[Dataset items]
Start of Block

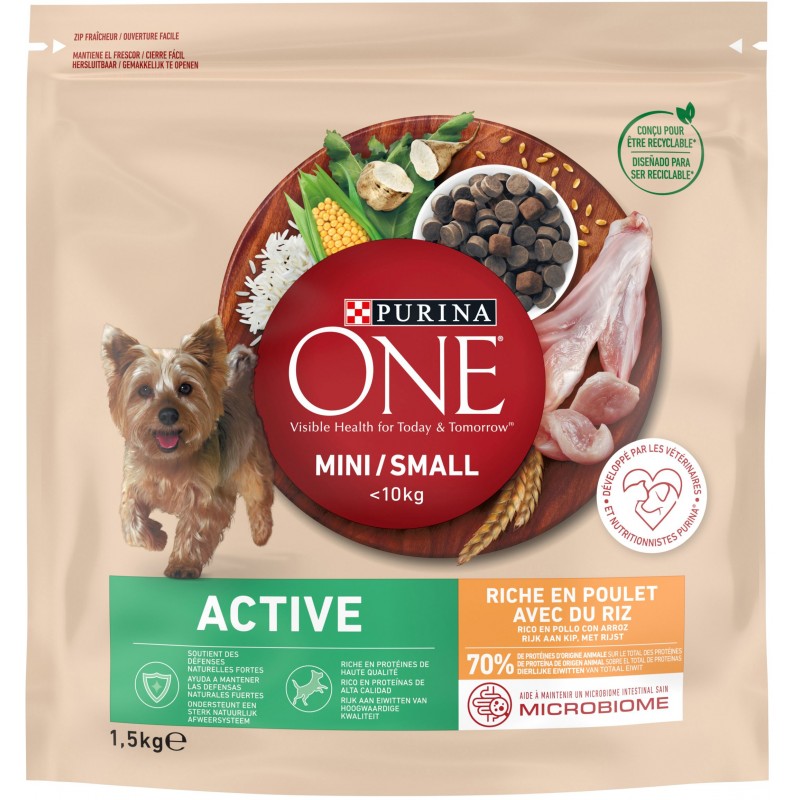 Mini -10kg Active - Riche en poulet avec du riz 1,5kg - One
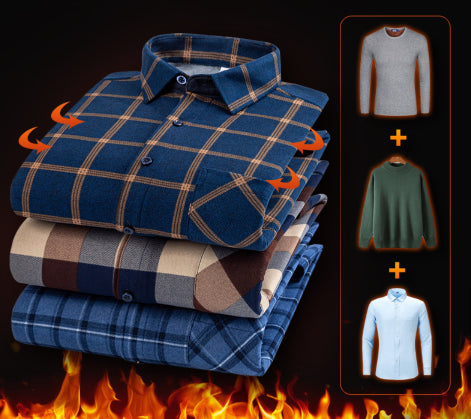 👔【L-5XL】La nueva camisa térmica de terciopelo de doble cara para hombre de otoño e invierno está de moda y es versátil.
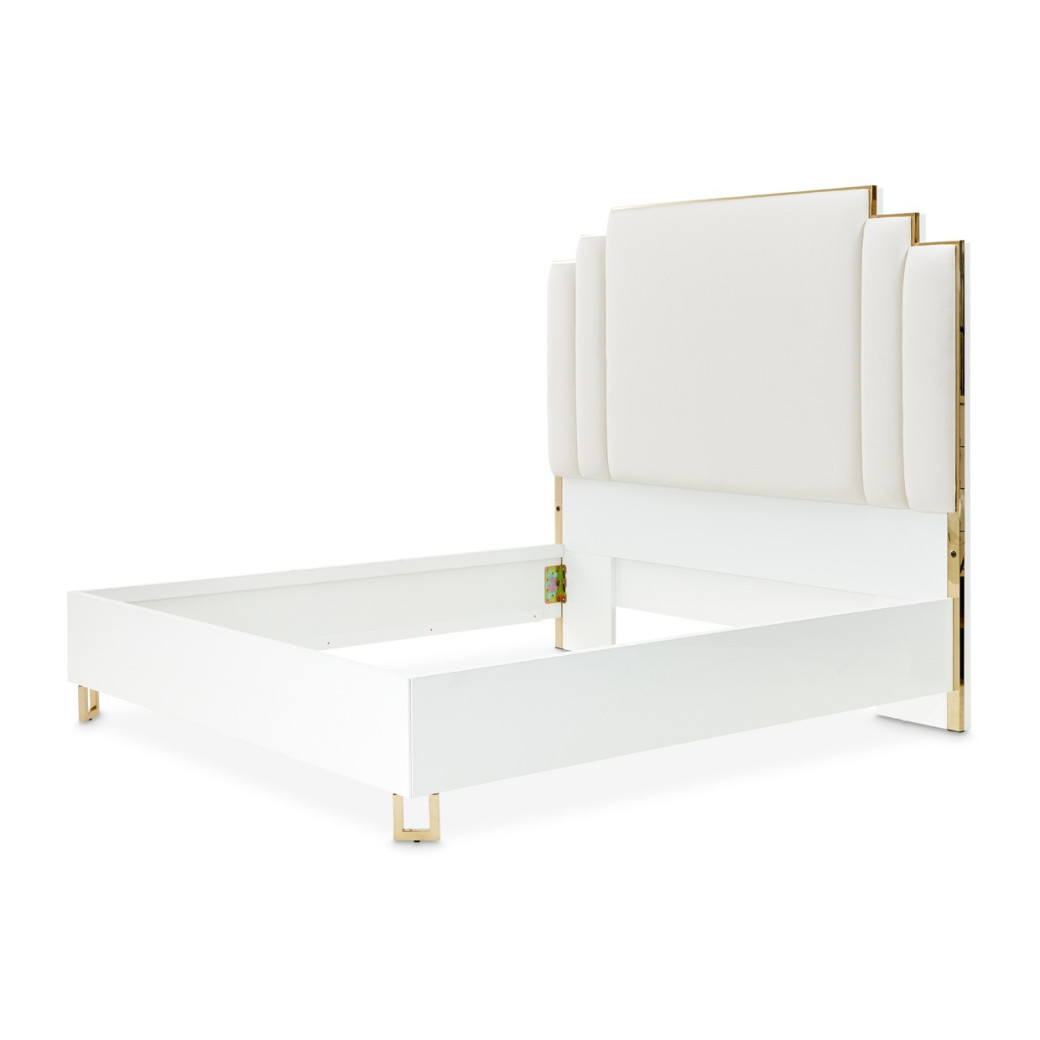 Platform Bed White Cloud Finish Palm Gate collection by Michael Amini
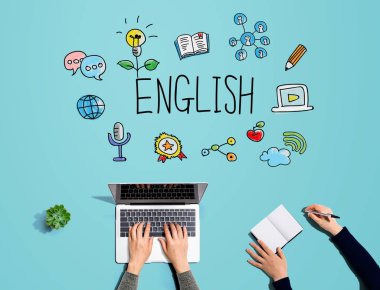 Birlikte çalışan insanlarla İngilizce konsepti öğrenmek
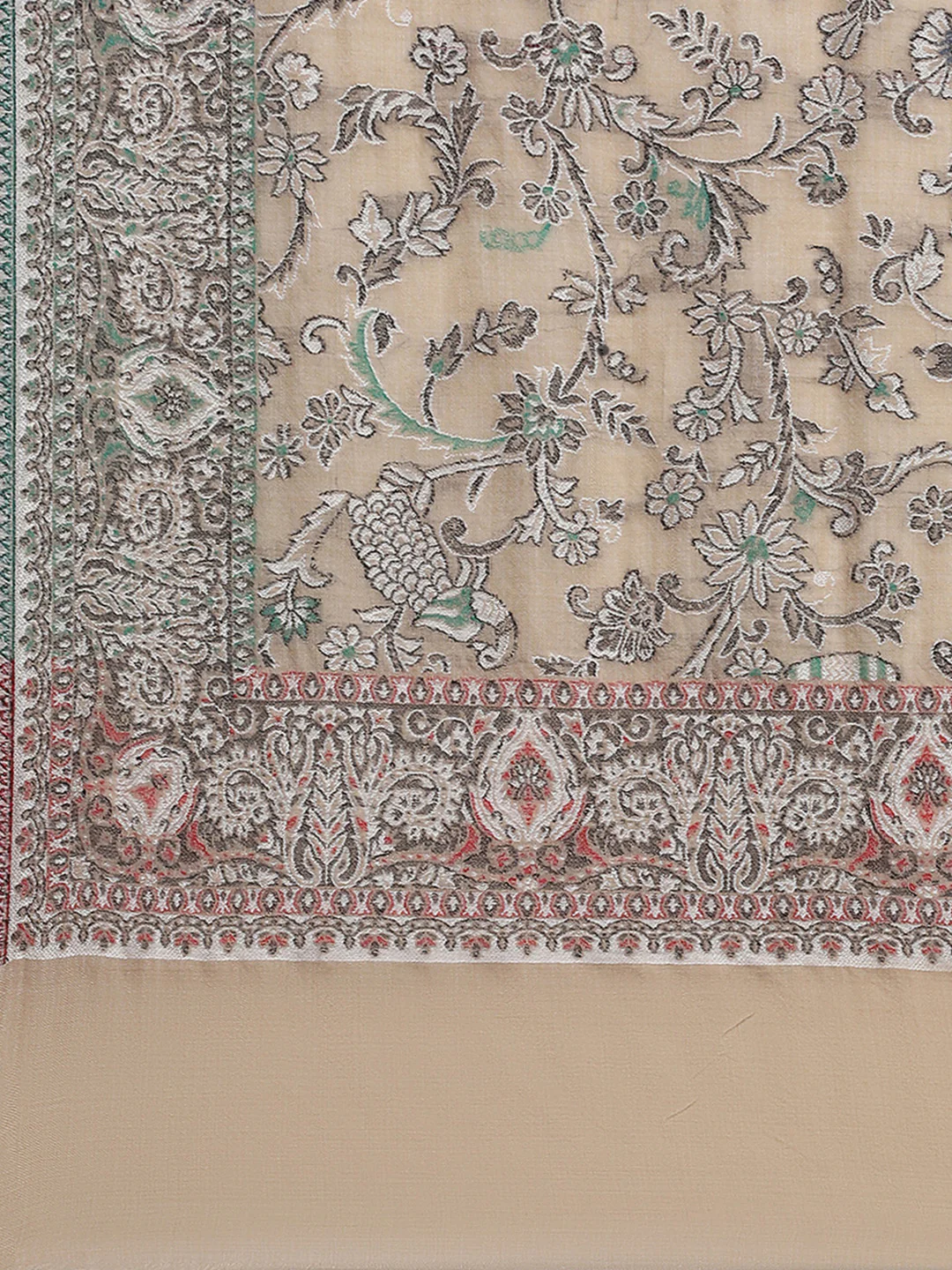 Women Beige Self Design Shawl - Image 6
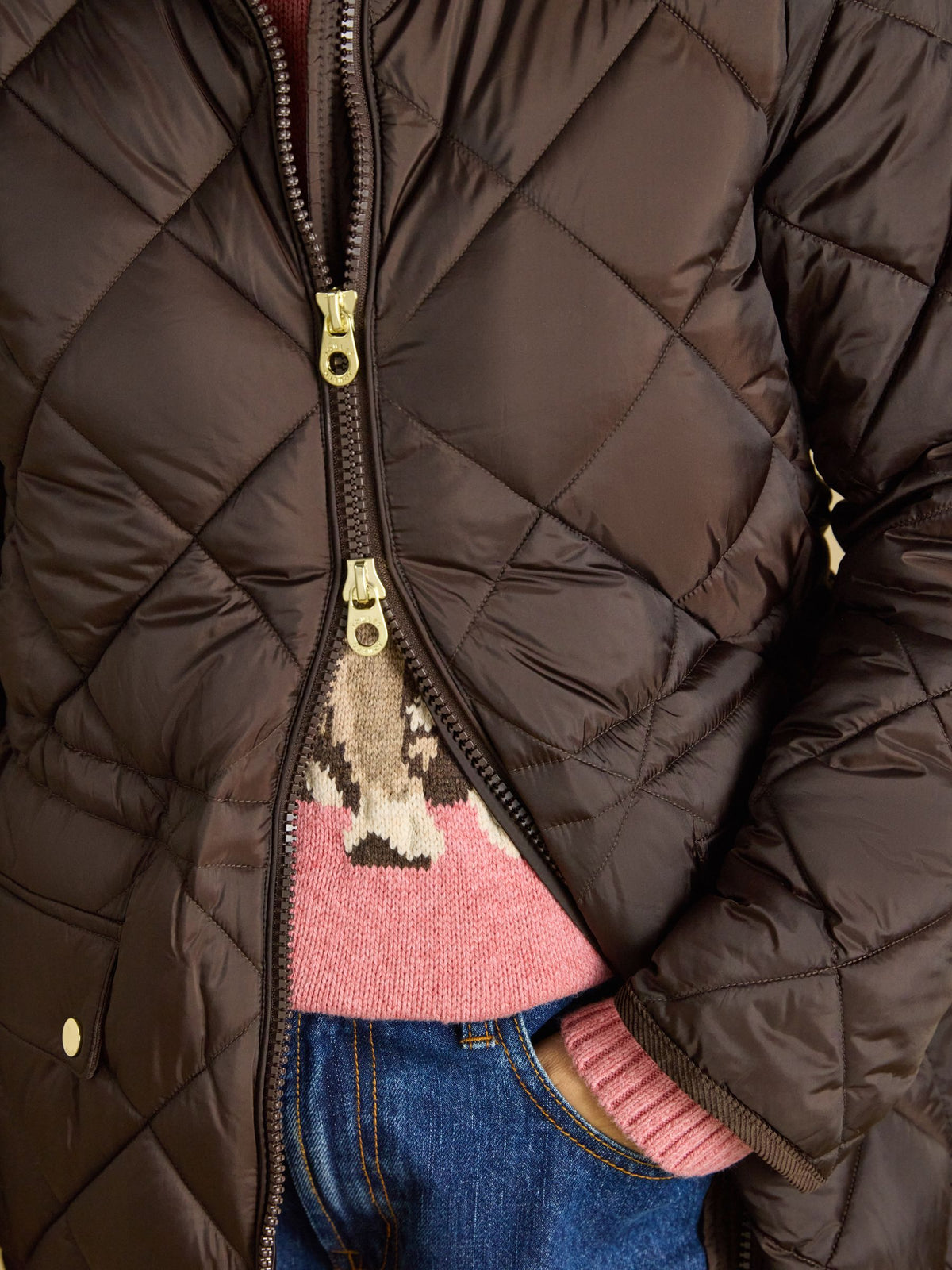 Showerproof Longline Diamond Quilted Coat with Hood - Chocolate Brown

End of Block

#### WHAT YOU ARE ASKED TO DO:
Where a line contains "Platform Bed White", begin there and transcribe every line through the last one of the records above, exactly and with no pictures.

#### WRITTEN SOLUTION:
 Platform Bed White Cloud Finish Palm Gate collection by Michael Amini
 Birlikte çalışan insanlarla İngilizce konsepti öğrenmek
 Women Beige Self Design Shawl - Image 6
 Showerproof Longline Diamond Quilted Coat with Hood - Chocolate Brown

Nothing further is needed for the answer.